Experts provide some guidance about how these factors effect play. I included an article from Prem Carnot about a month ago doing just that...and I will include a couple more next week. They can provide some recommendations but every individual's skills, strength, and mobility will ultimately determine the best combination of factors and, therefore, the best paddle for them. 

One way to narrow the field of available paddles is to use a paddle guide. One of the best I have found is at the site Pickleball Experts, a seller of pickleball equipment. The guide, The Pickleball Experts Interactive Guide to Choosing a Pickleball Paddle, will walk a player through a set of choices and will present a set of paddles meeting the criteria the player selected. Below is a small sample of the experience.

It should be noted that the list of paddles are limited to those sold by Pickleball Experts. While extensive, the list does not include all paddles in the marketplace that might work. I will add that the process worked for me. After making my selections in the guide, the paddles presented to me included the paddle I currently use...and fits my game.

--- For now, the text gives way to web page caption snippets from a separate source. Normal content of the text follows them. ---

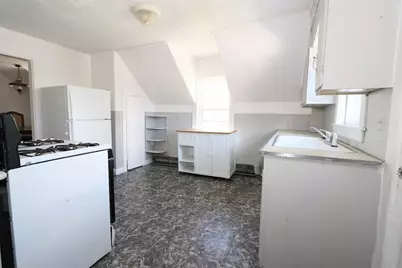 32 N Bow Street, Milford, MA 01757 - Photo 6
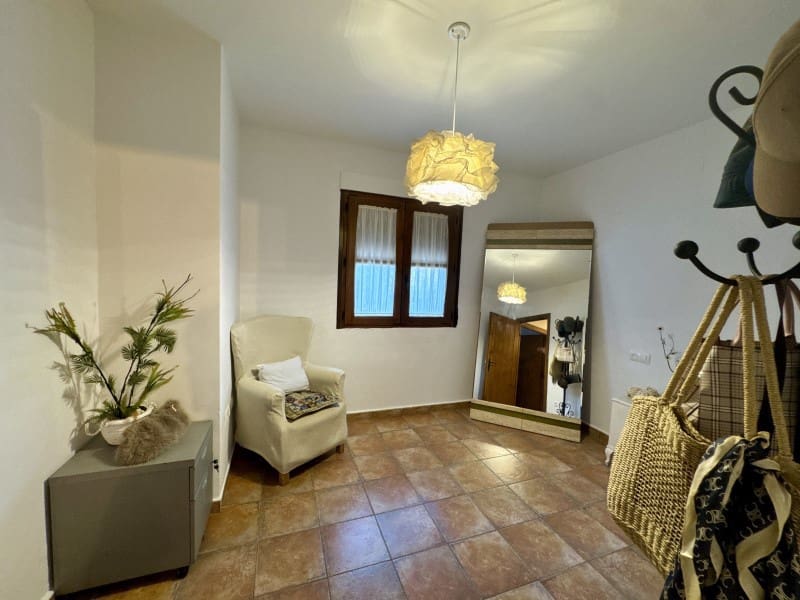 Finca/Casa Rural de 7 habitaciones en Valencia de Alcántara en venta - 490.000 € (Ref: 9945397)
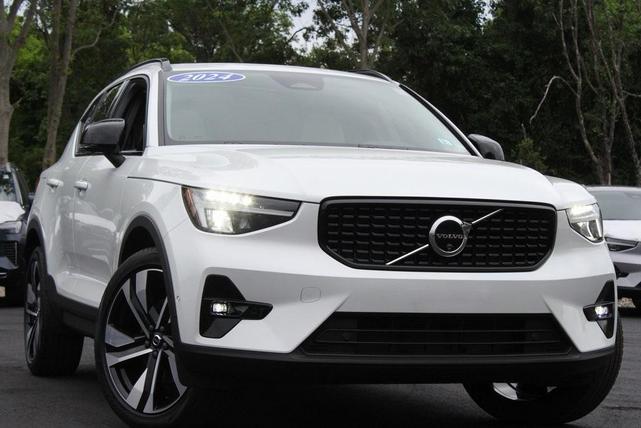 Photo of 2024 Crystal White Volvo XC40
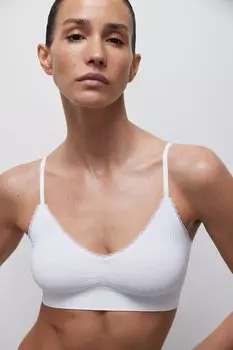 Топ на тонких бретелях с V-образным вырезом Eclat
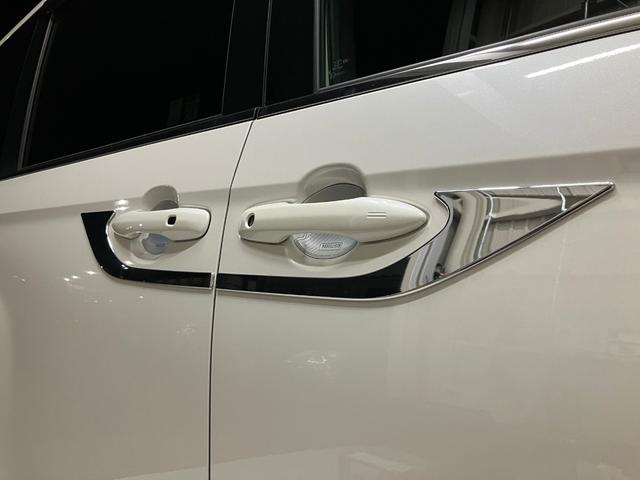 ヴォクシー ハイブリッドS-Z モデリスタエアロ ユニバーサルS ★オプション装備車★モデリスタエアロパーツセットA【フロントスポイラー・サイドスカート(ユニバーサルステップ付車)・リヤスカート】★モデリスタサイドドアガーニッシュ付(55枚目)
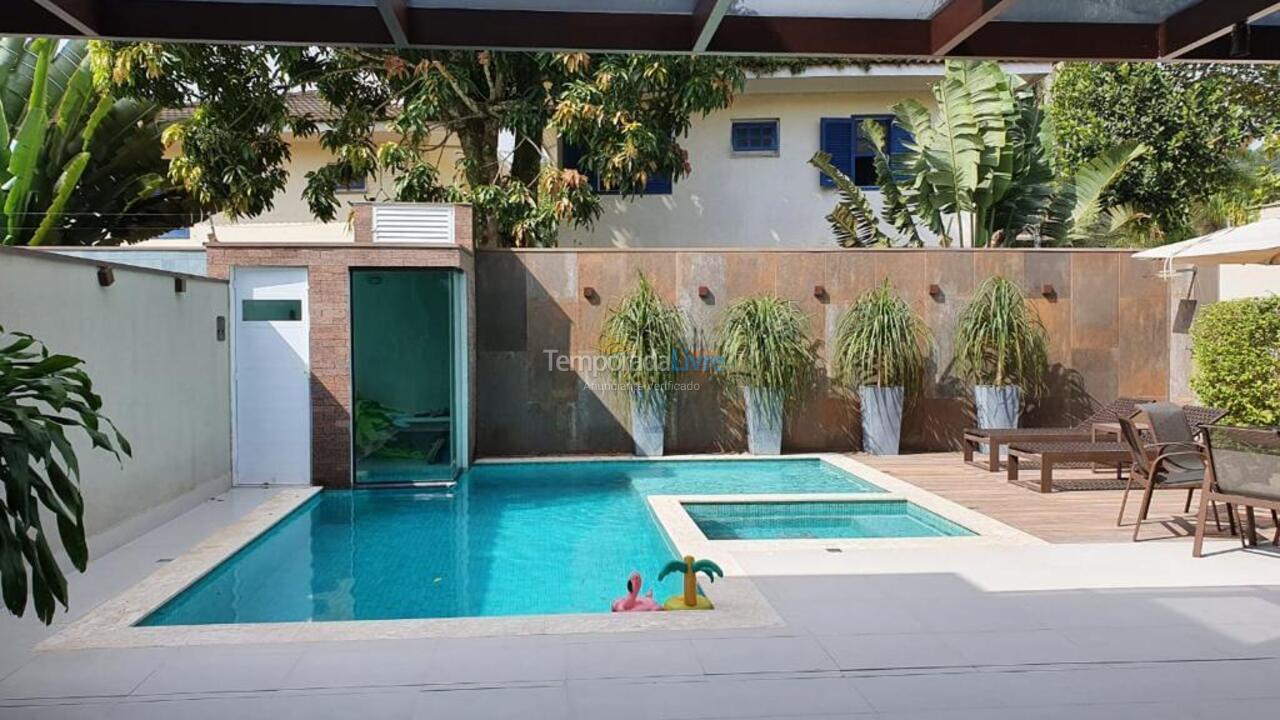 Casa para alquiler de vacaciones em São Sebastião (Praia do Engenho)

Players with limited experience may find some of the choices and recommendations from experts to be a little overwhelming. My personal experience was that I bought my first paddle based on how it felt while in a small retail store with limited selection. As I played more, I found my preferences were changing and I now have 3 paddles - my original, a light paddle used with bouncier balls (like the Onix Pure 2), and a heavier paddle used for less bouncy balls (like Dura). Before buying the second and third paddles, I played with borrowed paddles to ensure they worked.

Based on my experience, I would recommend using the expert advice to narrow preferences for options, use those options in a guide like that from Pickleball Experts, and find someone from whom one of the list of paddles can be borrowed. Paddles can be expensive and it is best for one's wallet to ensure the expenditure is right the first time.